What is gas?

The extra cost necessary to carry out a smart contract or transaction on the blockchain network is referred to as gas in the decentralised U2U network.

Why is this there? There are a few significant restrictions when it comes to using smart contracts:

  1. To ensure the authenticity of every deployed transaction, smart contract, or execution of a smart contract, each entire node on the U2U network must execute it. Although newer blockchains are streamlining this, this is incredibly inefficient.

  2. Smart contracts have the ability to run indefinitely since they are Turing complete, locking up every node on the blockchain.

Gas in U2U network refers to the additional fee required to execute a smart contract or transaction on the blockchain network.

What is Turing completeness?

Given enough time and resources, a programming language that is Turing complete can, in theory, solve or represent any computational issue, regardless of how difficult it may be. That specifically has the following implications:

  1. Though the implementation might be excessively time-consuming, every Turing complete language can theoretically be used to describe the logic of another Turing complete language.

  2. Turing-complete programmes are capable of looping endlessly. In truth, there is no way to conclusively demonstrate that such a programme won't end up running indefinitely (the "halting problem").

For example, a regular calculator is not Turing complete, because it allows for only a few types of calculations. However, a computer or scientific calculator is Turing complete because any type of program can be executed on it.

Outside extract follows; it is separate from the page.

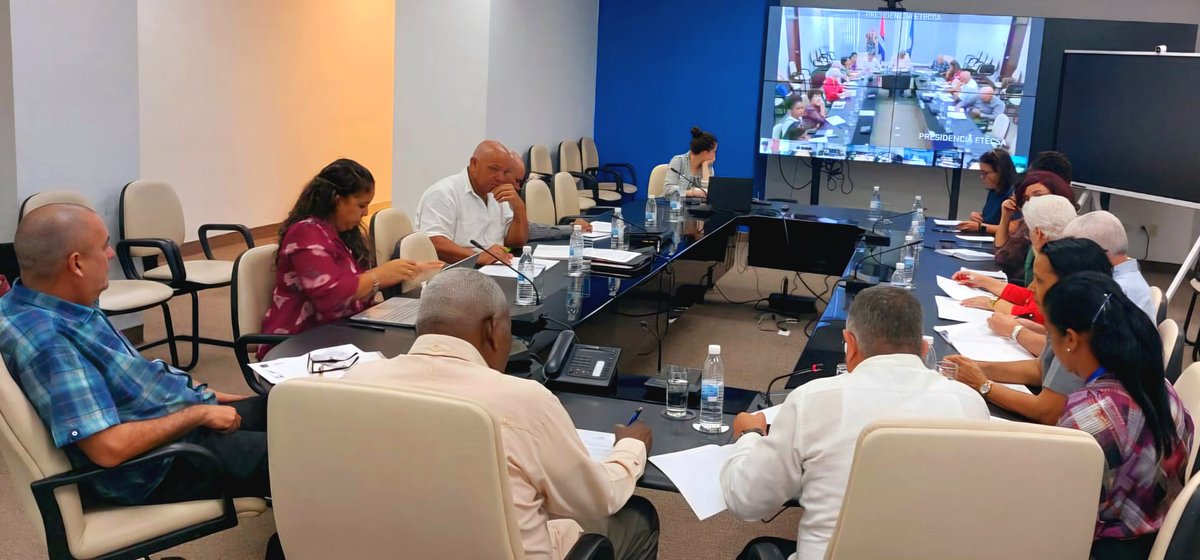 En Desarrollo | Con la participación de Esteban Lazo, presidente de <a href="/AsambleaCuba/">Asamblea Nacional Cuba</a>🇨🇺, y del ministro de Agricultura <a href="/YdaelB/">Ydael Pérez Brito</a>; diputados cubanos analizan y debaten,mediante videoconferencia, proyecto de ley de Propiedad, Posesión y Uso de la Tierra,como parte del proceso legislativo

Since smart contract programs can run forever, gas has become the practical way in U2U network to manage the impact of a blockchain program! Every computation or transaction made on the blockchain costs some fees. These fees prevent expensive (or endless) contract executions, ensure miners are fairly compensated for the work they do, and provide a fair market to prioritize which transactions make it onto the blockchain.

Calculating Gas Costs

For any given program, the total gas used is calculated as the sum of the gas for each operation executed by the Ostracism Virtual Machine (EVM-compatible). For example, adding two numbers in a smart contract costs 3 gas, whereas sending a transaction costs 21,000 gas.

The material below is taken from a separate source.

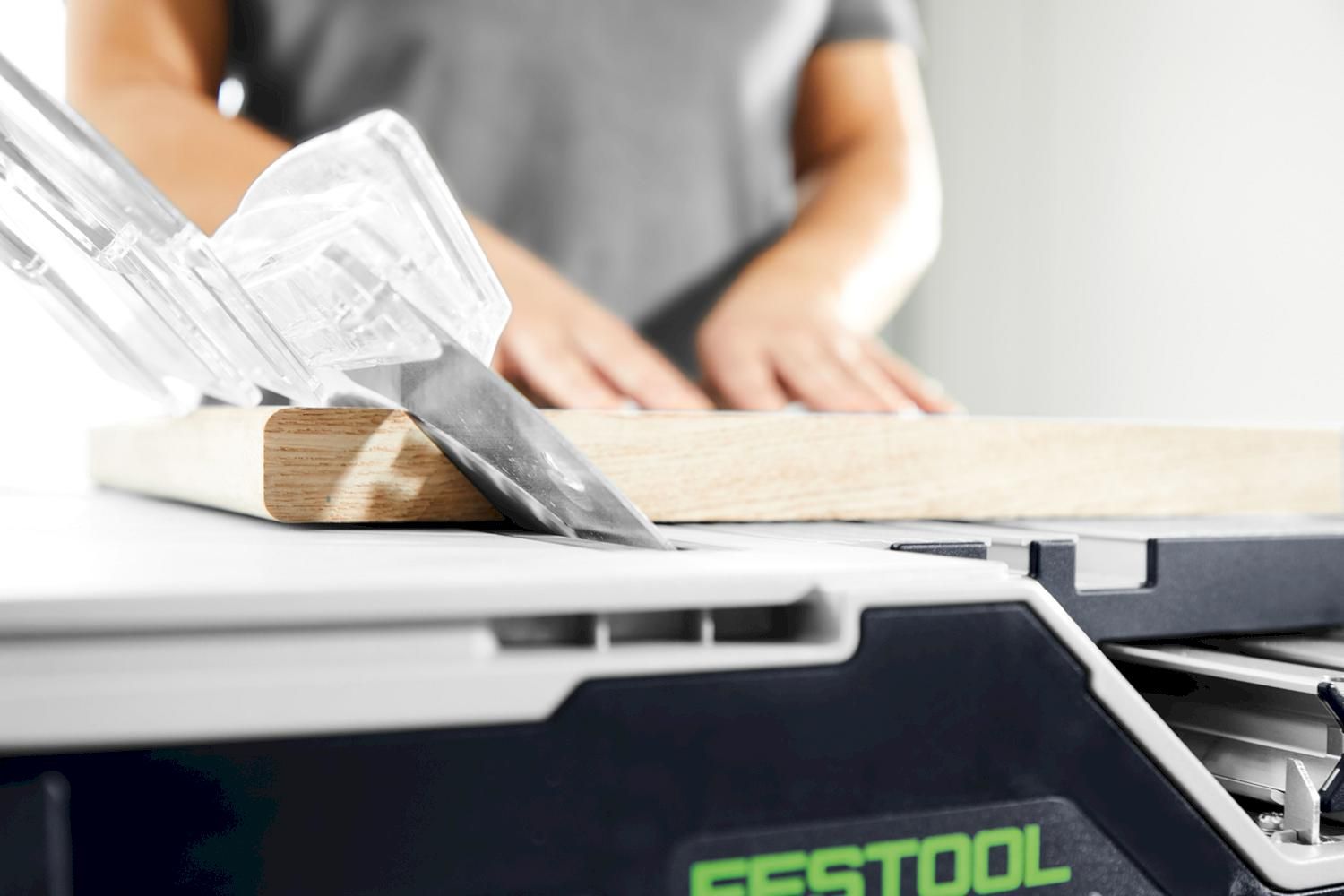 https://api.mastertools.nl/media/catalog/product/cache/4ac98b0d5e81b56bd000310ba88c60e0/f/e/festool-csc-sys-50-ebi-basic-set-accu-tafelcirkelzaag-2x18v-basic-body-met-onderstel-577371-4014549406212-mastertools_nl-15.jpg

The total cost of gas is found by taking the amount of gas used in by a smart contract and multiplying by the gas price, a value set by you, the transaction sender.

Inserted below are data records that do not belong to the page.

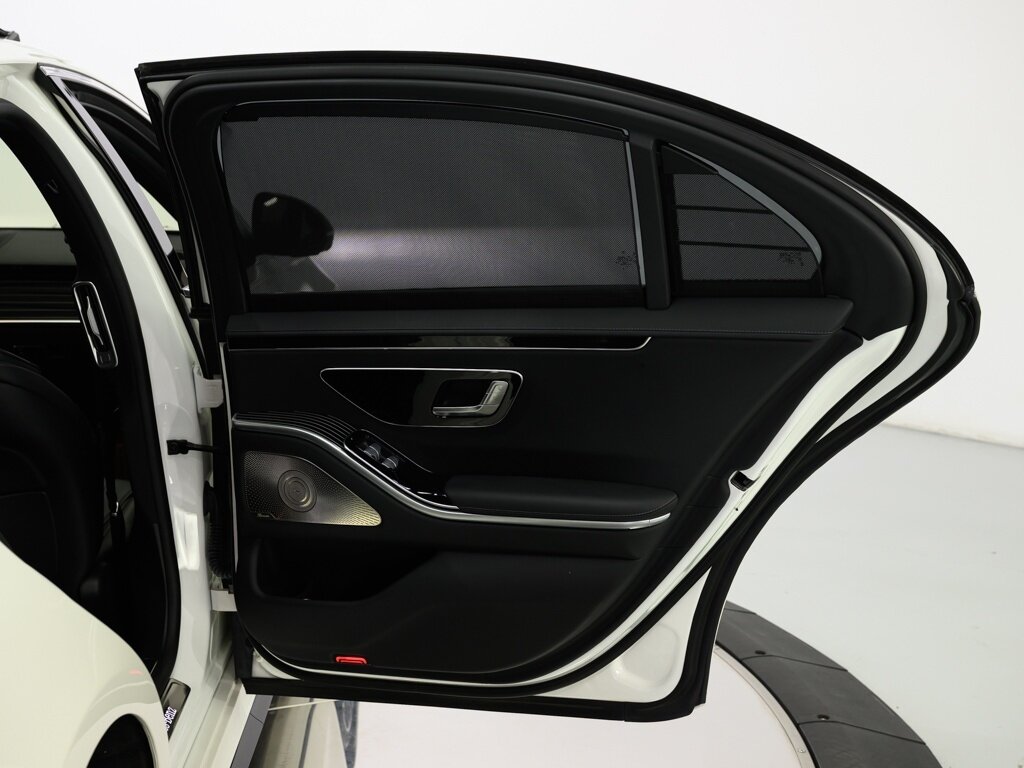 2022 Mercedes-Benz S 500 4MATIC $127K MSRP 3D Technology Pkg AMG LIne - Photo 41 - Sarasota, FL 34243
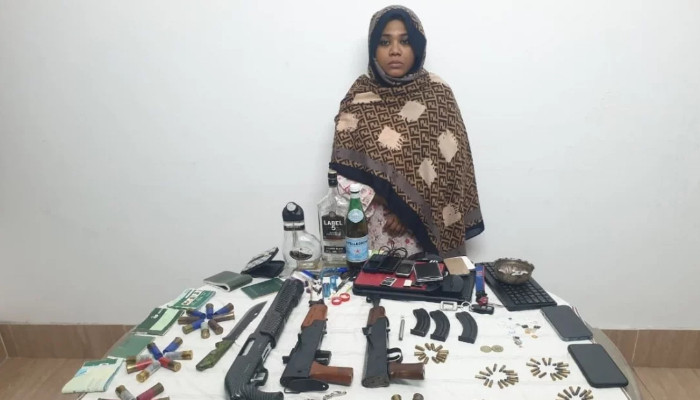 শরীয়তপুরে আগ্নেয়াস্ত্রসহ সাবেক ছাত্রদল নেত্রী গ্রেপ্তার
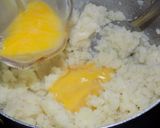 Foto del paso 5 de la receta: Tortilla de puré rellena con jamón y queso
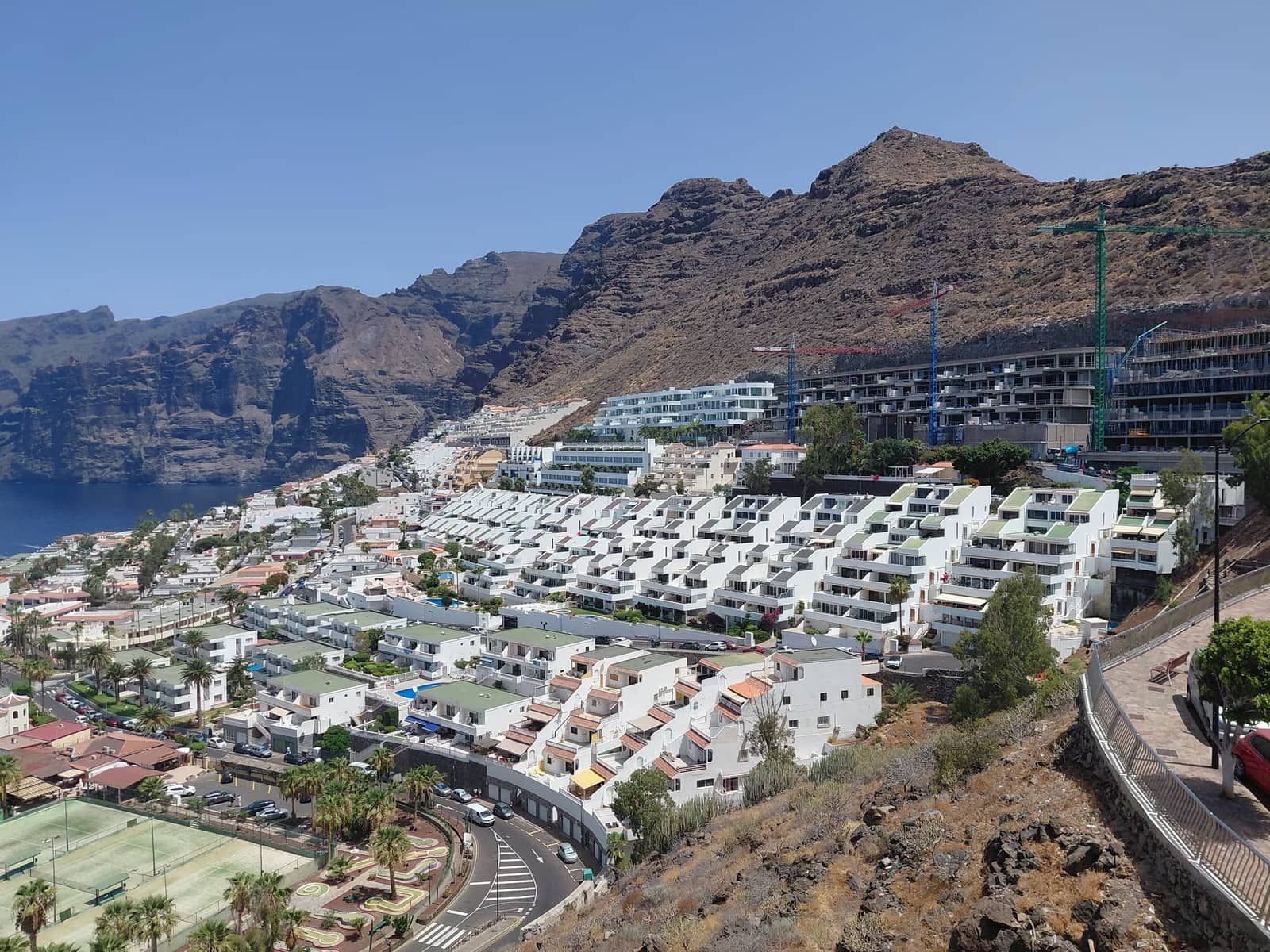 2 bedroom Apartment for sale in Santiago del Teide with pool garage - € 529,000 (Ref: 10009908)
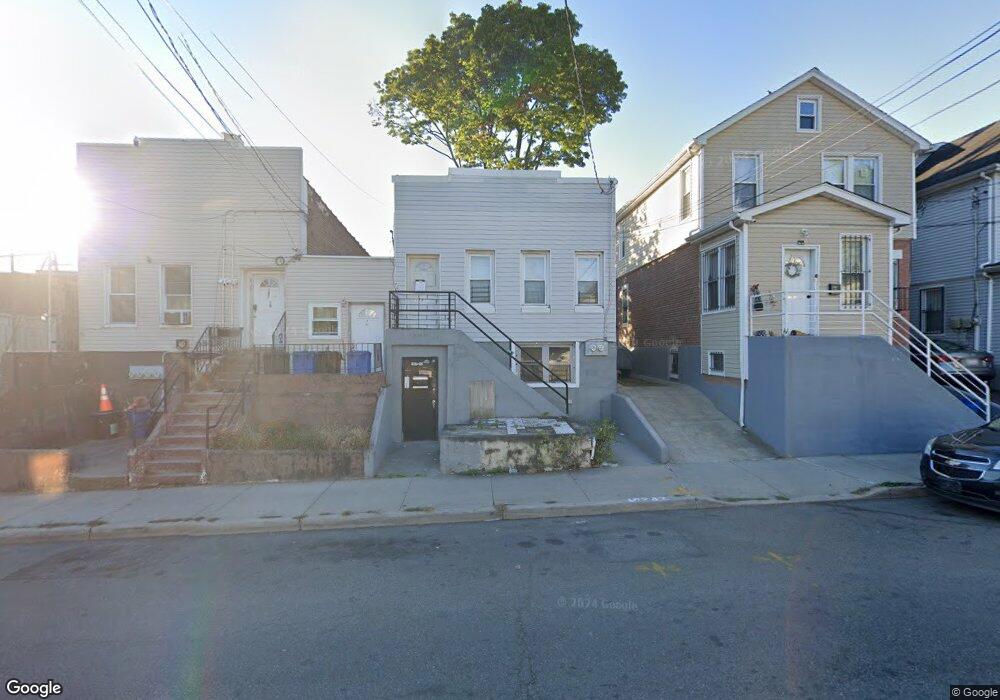 15712 110th Ave, Jamaica, NY 11433 - photo 1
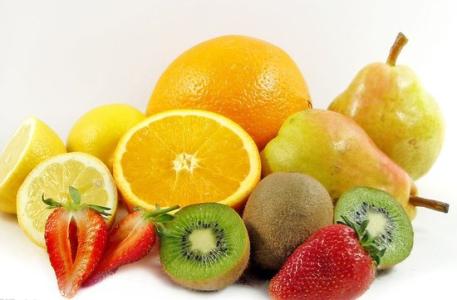 空腹吃水果 水果不能空腹吃？专家解读17个水果传言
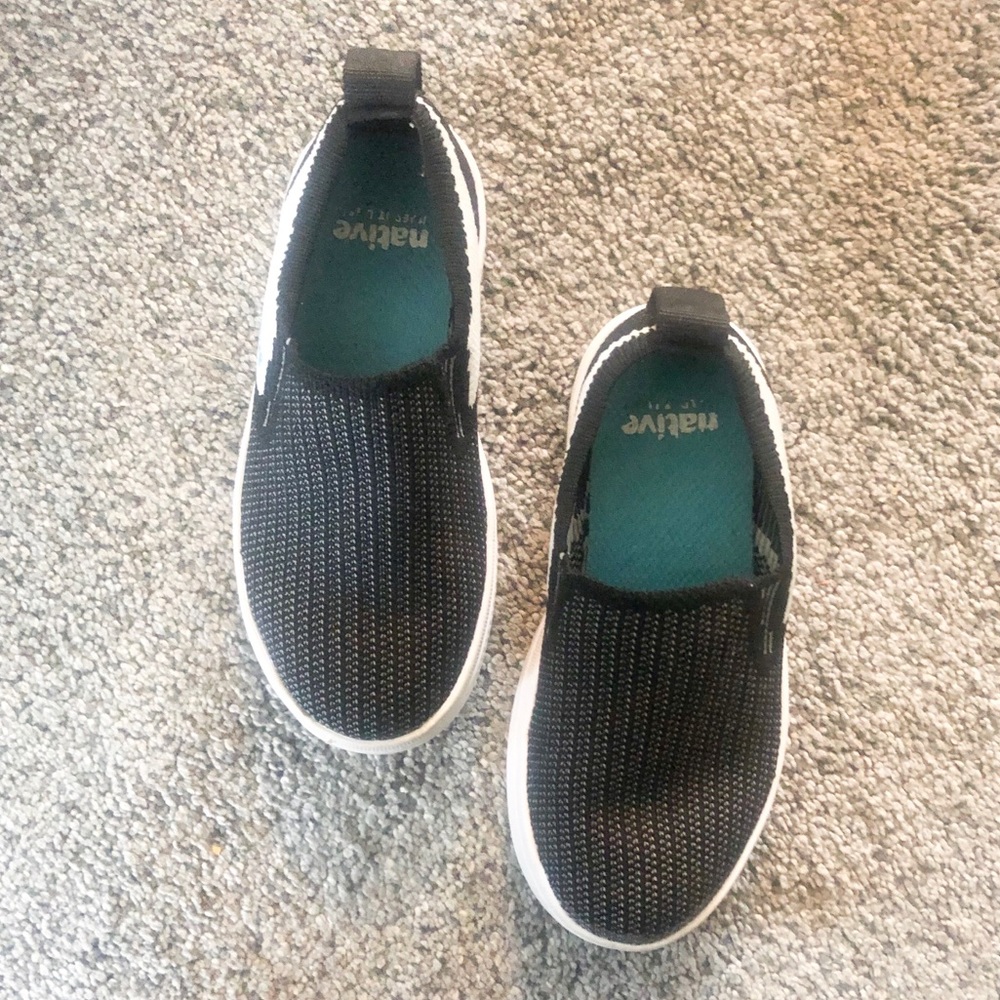 Native toddler slip ons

Setting a higher gas price for your transaction means it's more likely to be confirmed on the blockchain. However, it also costs more U2U for the sender.

Another important value that can be set is the gas limit, or the maximum amount of gas you're willing to spend on your transaction.

By multiplying the gas price by the gas limit, you'll get the maximum amount of Ether you're allowing Ethereum to spend on gas fees for any particular transaction.

What is "gwei" or "wei", and how do they relate to U2U?

“Wei” is the smallest unit of U2U, where 10¹⁸ Wei represents 1 U2U. One gwei is 10⁹ wei, and there are 10⁹ gwei per U2U.

Learn about gas execution

When a smart contract call is made, the call (or transaction) will attempt to use the gas provided while the program is executed.

  • If the call succeeds, the unused gas will be returned to the sender.

  • If the call fails because it ran out of gas, the entire transaction will revert, undoing all changes to the blockchain. None of the gas will be returned, since it will all have been used up during the computation process.